Cuando uno veía a Mañas en la tele o a Maestre en los periódicos se sentía concernido: la literatura también hablaba de nosotros, de los que entonces teníamos veinte años. Es más: las editoriales estaban dispuestas a publicarte un libro. Si yo no hubiera asistido a todo este espectáculo de permeabilidad editorial, nunca se me hubiera ocurrido mandar mi primera novela a Anagrama, novela que efectivamente me publicó.

¿Qué tenemos hoy, sin embargo? Una literatura vieja, aburrida; un premio Nadal echado a perder y cuyos ganadores no importan a nadie. Decenas de escritores jóvenes (pueden conocer a veinte de ellos en la antología que preparé para Lengua de Trapo: Última temporada) cuyos libros son prácticamente inencontrables, pues las grandes editoriales ya no están interesadas en publicar a menores de treinta años. Y, finalmente, miles de lectores potenciales —los más jóvenes— para los cuales la literatura es ese lugar donde no se habla de ellos. Es decir: un futuro muy negro para los libros.

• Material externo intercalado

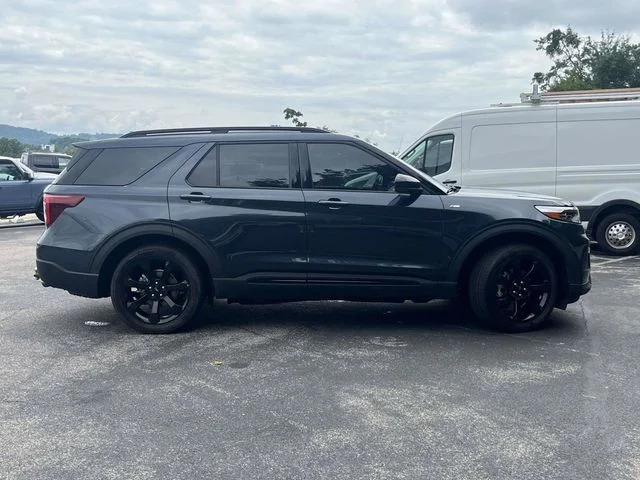 Used 2023 Blue Ford ST-Line image 2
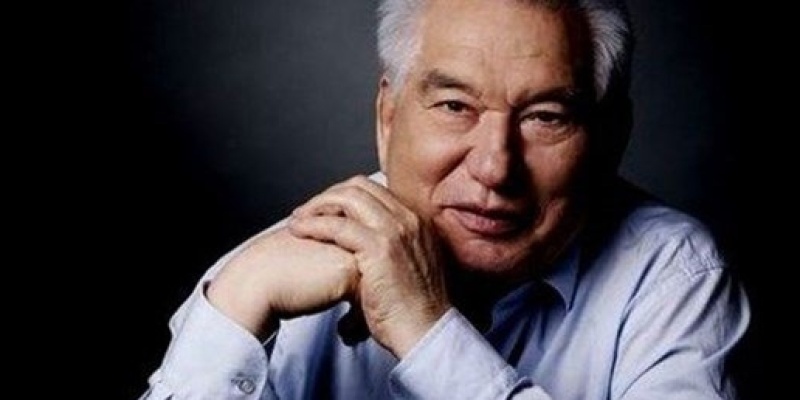 Dünyaca ünlü Kırgız yazar Cengiz Aytmatov anılıyor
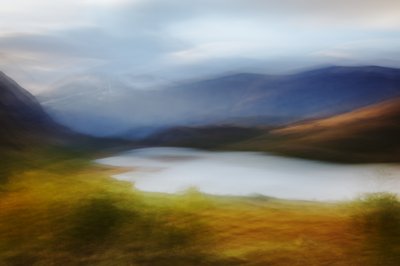 Nebliger Bergsee von Gustav Davidsson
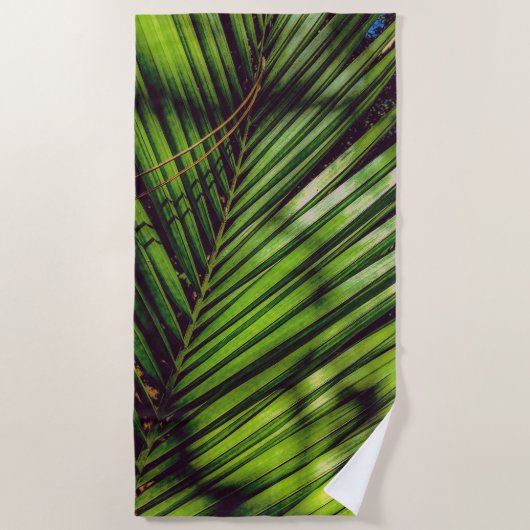 Palm Frond, Pine Needles en Shadows Beach Towel Strandlaken (Voorkant)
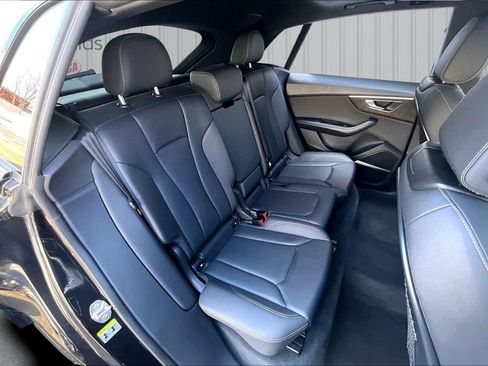 Used 2021 Audi Q8 Premium Plus w/ Premium Plus Package image 25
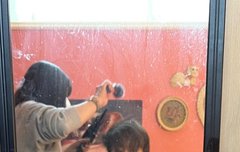 초점 다 나가있고 얼레벌레 한 장 툭 찍은 거울셀카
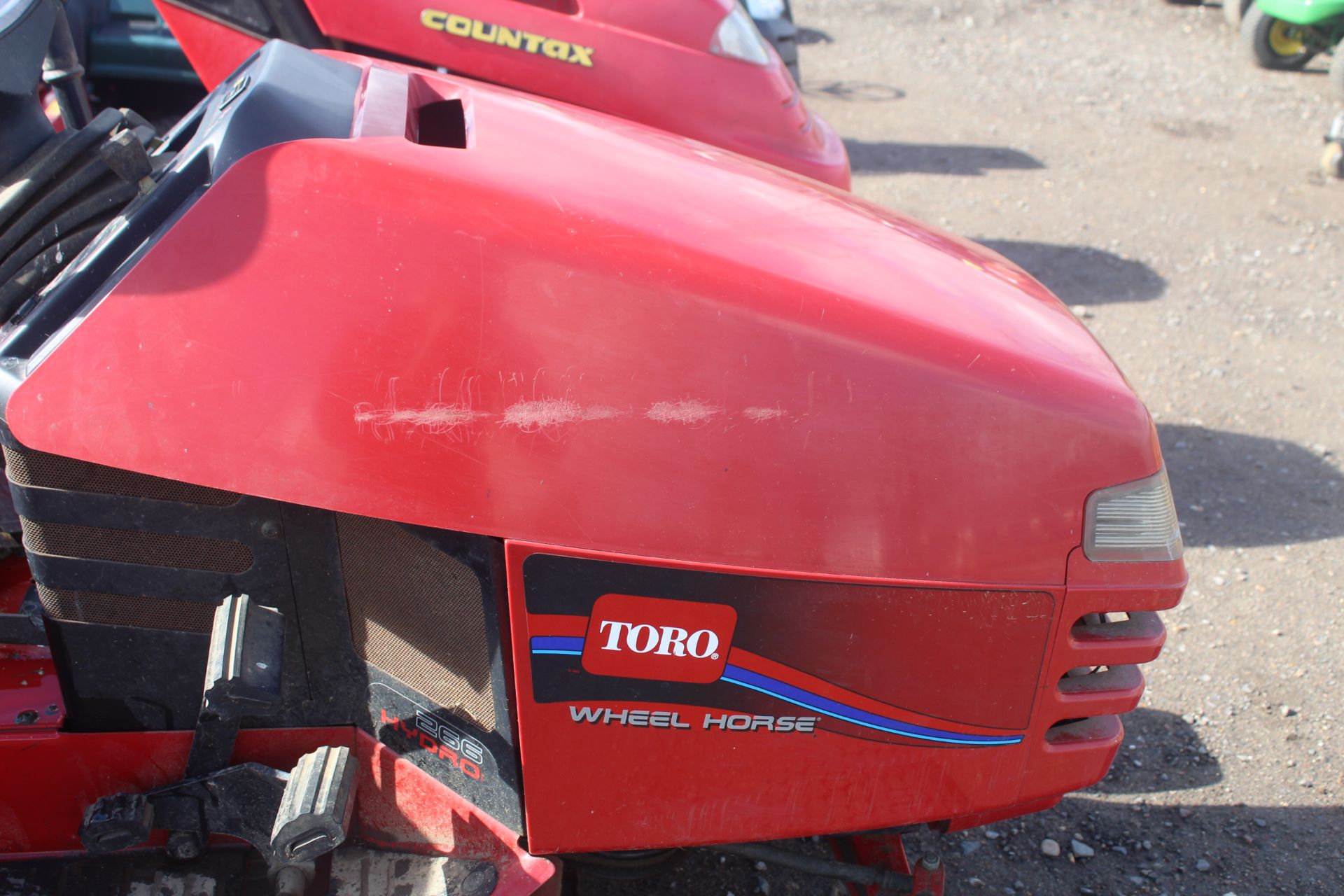 Wheel Horse Toro 38in ride-on mower. Key, Manual held. V - Image 8 of 22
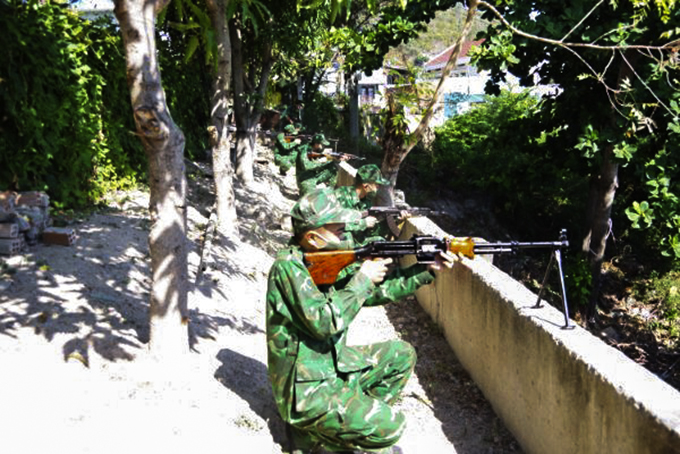 Cán bộ, chiến sĩ Hải đội 2 luyện tập phương án chiến đấu bảo vệ đơn vị.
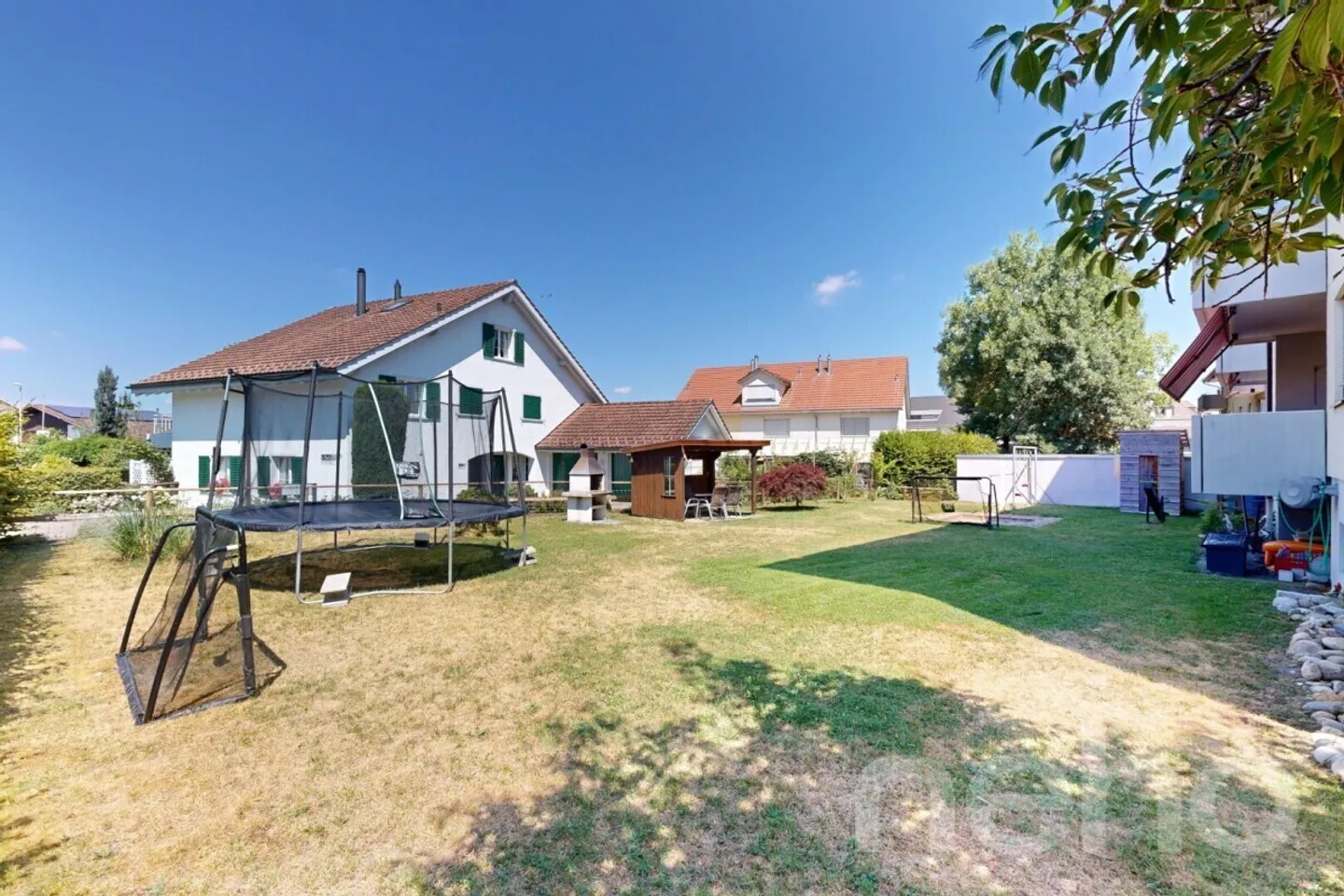 Maison multifamiliale bien entretenue avec 9 appartements à Schwarzenbach SG - Photo 12 sur 12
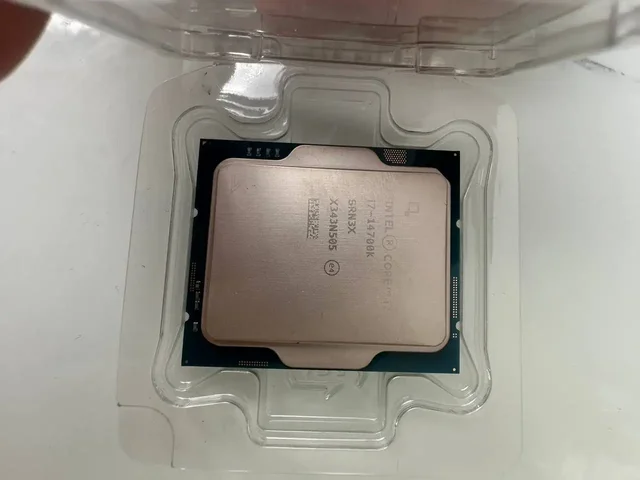 Продажа по цене лс в Твери - Минивэны/фургоны в Тверь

Es verdad que muchas de aquellas novelas eran una auténtica mierda y que varios de los autores que lloriquean en el documental Generación Kronen no se merecen otra cosa que el olvido en el que penan, pero la propia Historias del Kronen sigue siendo un digno testimonio —¿y qué otra cosa es la literatura sino testimonio?— de la vida en Madrid en los años noventa, Ray Loriga tiene grandes libros en su haber, como Trífero o El hombre que inventó Manhattan (cuando digo grandes, digo que podrán ser leídos con placer dentro de cincuenta años) y Juan Manuel de Prada escribe novelas de una solidez y pujanza que nada tienen que envidiar a, pongamos, Gonzalo Torrente Ballester. Juan Bonilla, Belén Gopegui o Antonio Orejudo son fruto de aquellas alegrías.